Übrigens war, der Überlieferung nach, mein erstes Wort nicht etwa „Mama“ oder „Papa“, sondern „Zug“ - was denn sonst?

Schon als Zögling des hiesigen Gymnasiums versuchte ich meine Mitschüler einzuschläfern in dem ich ihnen die Geschichte der Eisenbahn erzählte. Und weil irgendwann keiner mehr persönlich zuhören wollte, wurden in der Folge eine nicht geringe Zahl von Artikeln aus meiner Feder in der Schülerzeitung „das Grammophon“ veröffentlicht. Zwar trieb ich meine sämtlichen Deutschlehrer mit der „Prägnanz“ meiner Aufsätze mit maximal eineinhalb DinA4-Seiten(!) an den Rand des Wahnsinns, aber im Grammophon wurde ich zur Fortsetzungsgeschichte verdonnert, weil der Hefttitel sonst in „die Schiene“ oder etwas anderes einfallsreiches hätte umbenannt werden müssen. Von Auflage und Verkauf mal ganz abgesehen. Da sich im Laufe der Jahre nie jemand beschwert hat und eben Auflage und Verkauf eher zu- als abnahmen, gehe ich davon aus, dass es den Leuten wohl gefallen hat, getreu dem schwäbischen Motto „nix g'schwätzt isch g'lobt gnua“. Freilich behaupten böse Zungen, dass sowieso „koi Sau“ meine Geschichten gelesen hätte! Banausen....

Seit etwa 1970 gibt es die „Nürtinger Dampfzugfreunde“ NDF, die sich den betriebsfähigen Erhalt einer solchen Dampflok nebst passendem Zug auf die Fahnen geschrieben hatten. Als gebürtiger Nürtinger bin ich, Sebastian Klein (doch 195cm groß) dort seit 1975 Mitglied. Fast an jedem Wochenende wurde an Lok und Wagen geschraubt, bis sich diese Dampfeisenbahn schließlich wieder aus eigener Kraft bewegte.

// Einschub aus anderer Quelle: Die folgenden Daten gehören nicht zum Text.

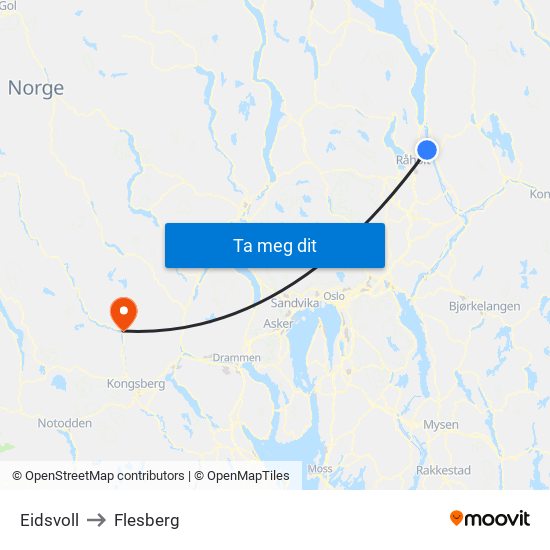 Eidsvoll to Flesberg map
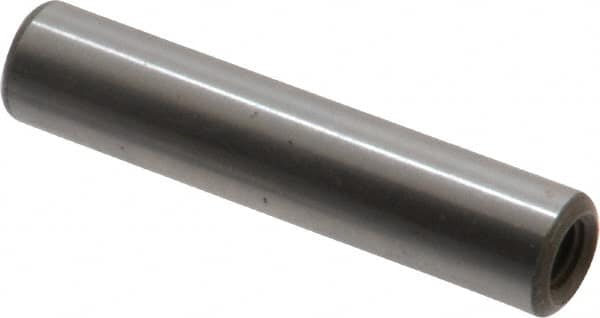 Jergens - 5/16" Diam x 1-1/2" Pin Length C-1215 Alloy Steel Pull Out Dowel Pin - C 47-58 & C 60-64 (Surface) Hardness, 1 Beveled & 1 Threaded End - Makers Industrial Supply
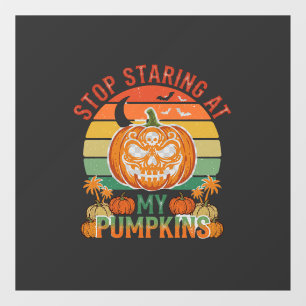 Stop Staring Pumpkins Halloween Skull Retro Sunset Window Cling
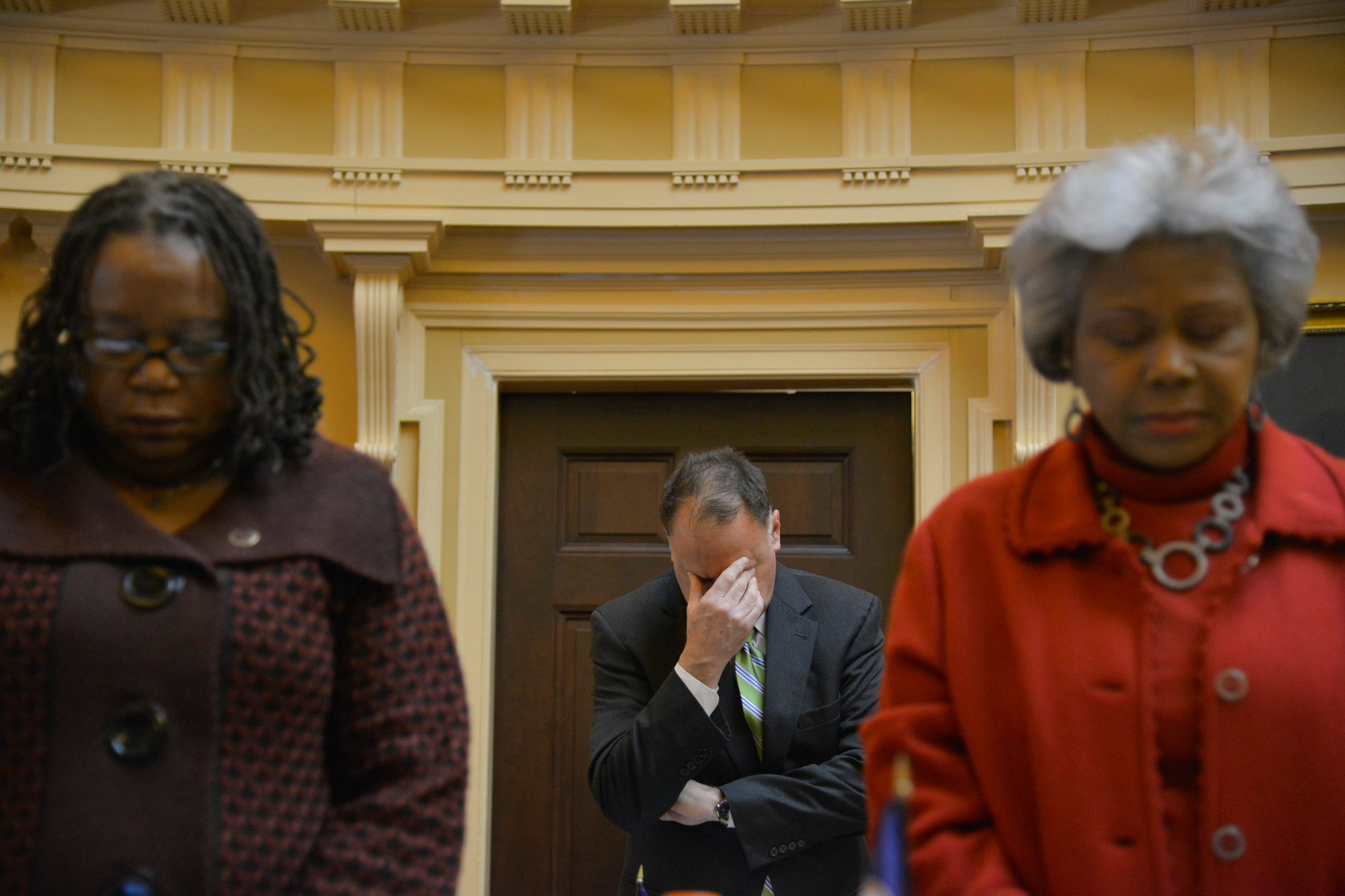 Virginia State Senators Mamie Locke (L) and Louise Lucas (R), with Senator Creigh Deeds in the centre in 2014.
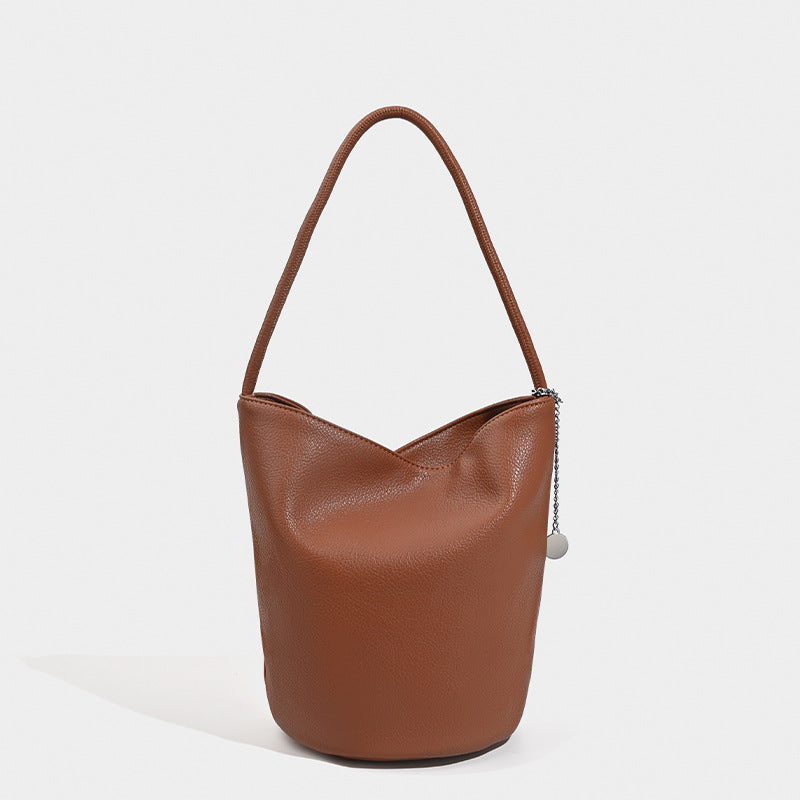 Retro soft leather bucket bag, women&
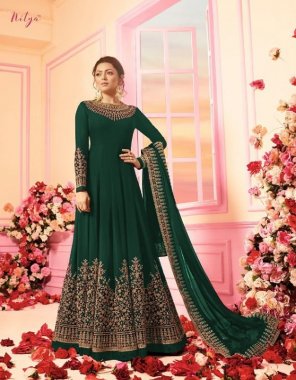 dark green top - faux georgette with codding work | sleeves - faux georgette with embroidery work | inner & bottom - santoon | duaptta - nazmin | length - max upto 56 | size - max upto 46 | flair - 3m | type - semi stitched fabric embroidery work party wear 
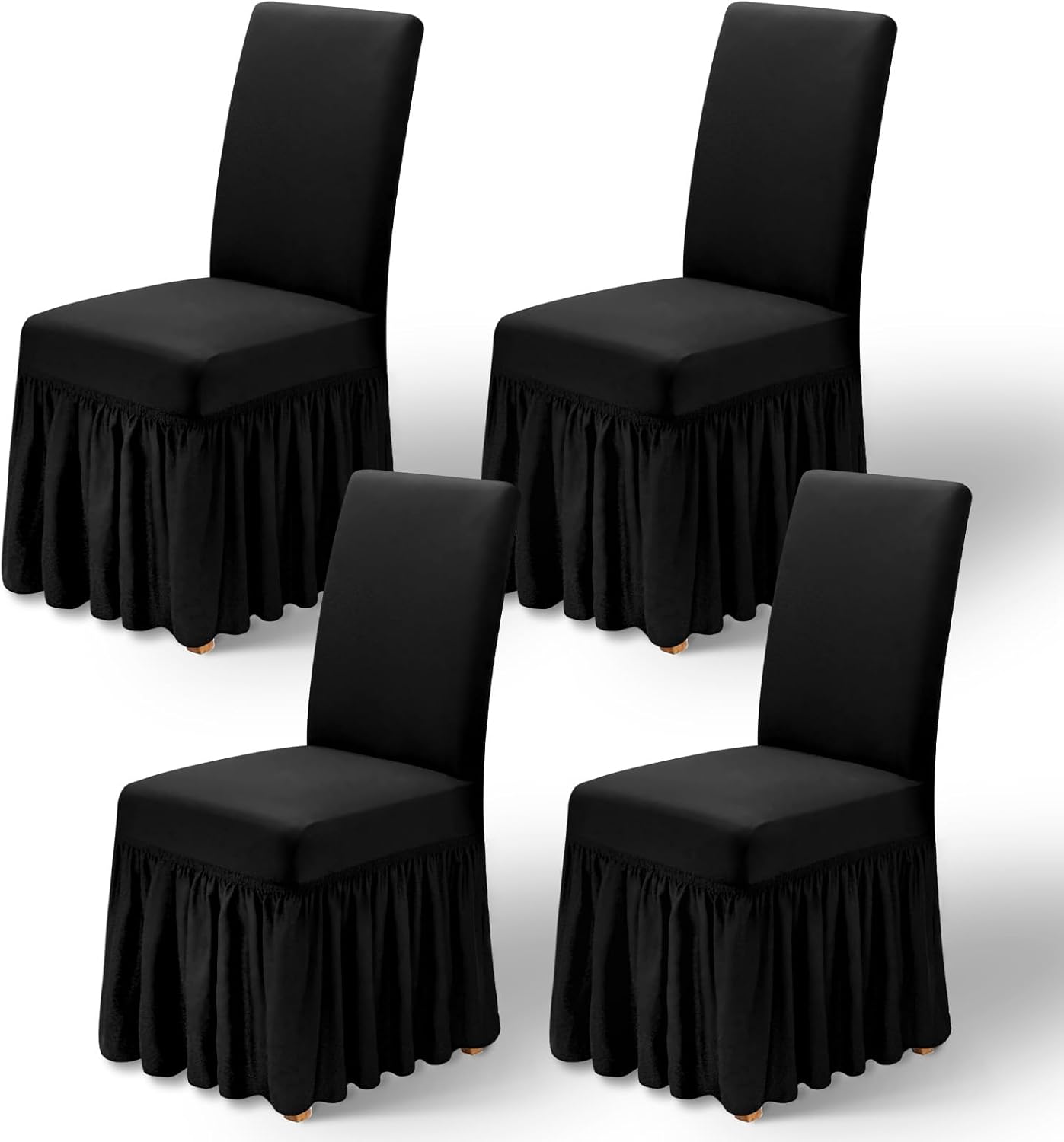 Dining Chair Covers Set of 4 Stretch Super Fit Chair Slipcovers with Skirt for Dining Room Washable Spandex Chairs Covers for Banquet/Wedding/Kitchen (Black, 4)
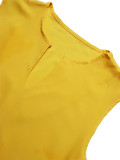 Women Elegant Casual Sleeveless V-Neck Side-Drawstring Dress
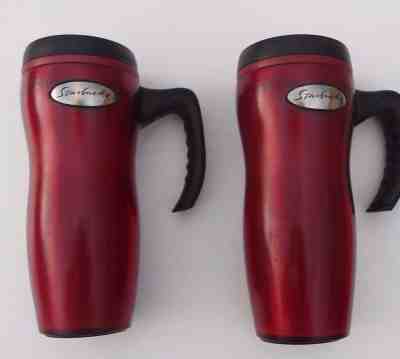 Lot of Two Starbucks Traveler Mugs With Lids - Red - 2000 - Never Used - Sold on eBay Dec, 16th 2018 for $19.99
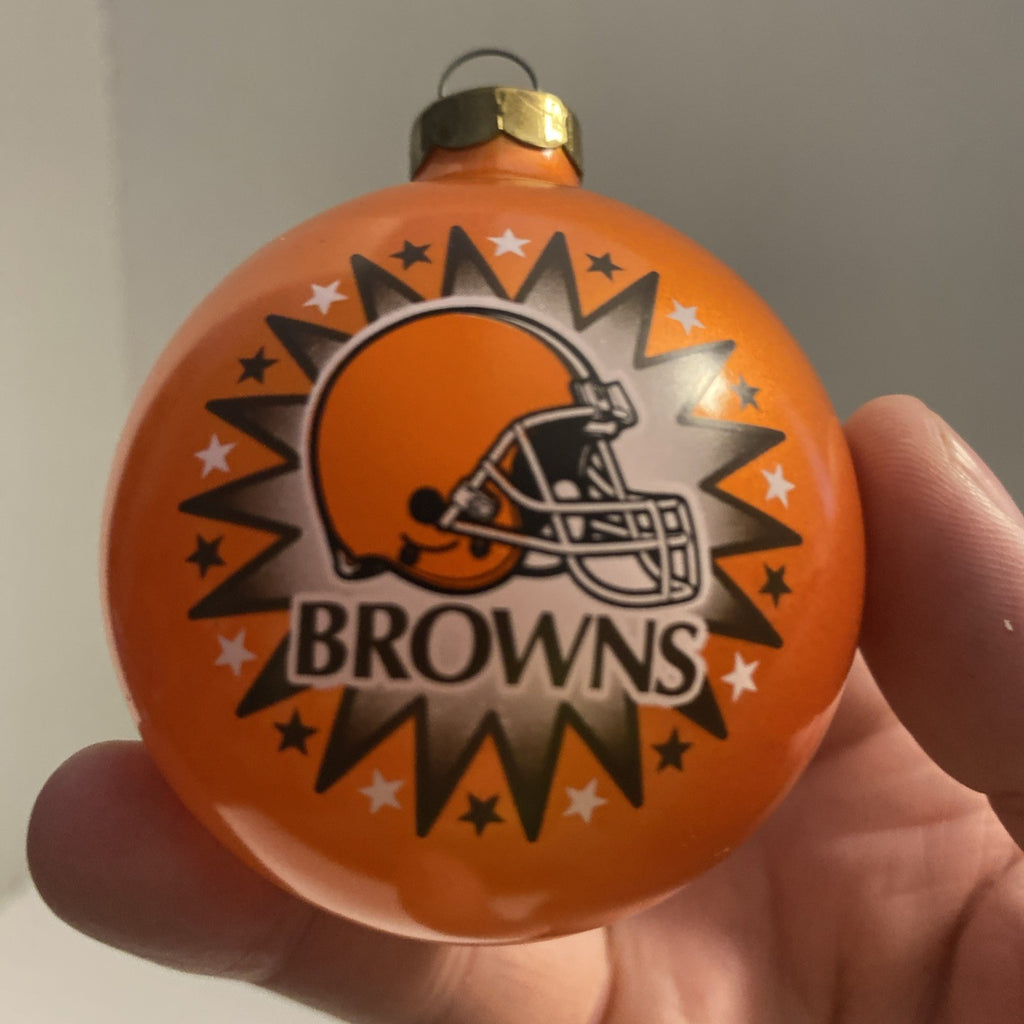 NFL Cleveland Browns Round Glass Hanging Christmas Ornament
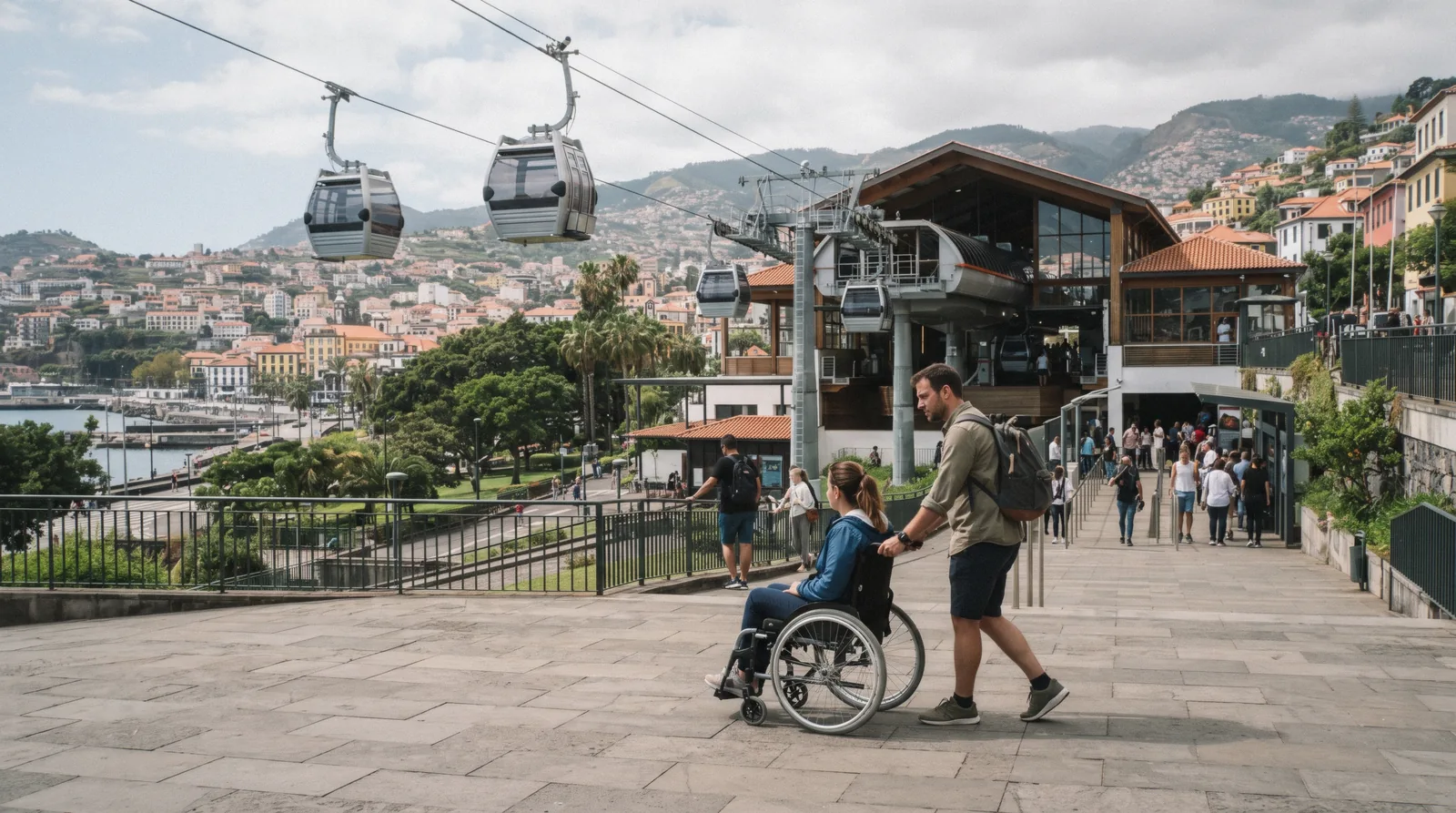 A wheelchair user and a companion at the lower station of the Funchal cable car by Jardim Almirante Reis, boarding the Funchal accessibility route to Monte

Ein Psychologe würde diese extreme Eisenbahn-Fixierung wohl als Flucht vor mir selbst oder Verdrängungsmechanismus meiner sehr spät entdeckten Homosexualität interpretieren. Tatsächlich dachte ich damals lange Zeit irgendwie asexuell zu sein, weil mich das Thema nicht wirklich interessierte, schon gar nicht, wenn Mädels im Spiel sein wollten. Auch war ich beileibe kein in mich gekehrter Mensch, wenngleich mir eine gewisse Verschlossenheit nicht abzusprechen war! Vielmehr jedoch war ich eher so etwas wie der Klassenclown, jedoch selten laut und nie respektlos gegenüber dem Lehrkörper. In dieser Rolle handelte ich mir, obschon in der 12.Klasse, den letzten, wohl nicht mehr ganz ernst gemeinten Eintrag ins Tagebuch unserer Klasse ein, den mir unser „Schnürle“ verpasste: „Klein würgt zuerst Mitschüler, dann Unterricht ab!“ Ja unser guter, alter „Schnürle“, eigentlich Dr. Seiler: Mathematik und Physik.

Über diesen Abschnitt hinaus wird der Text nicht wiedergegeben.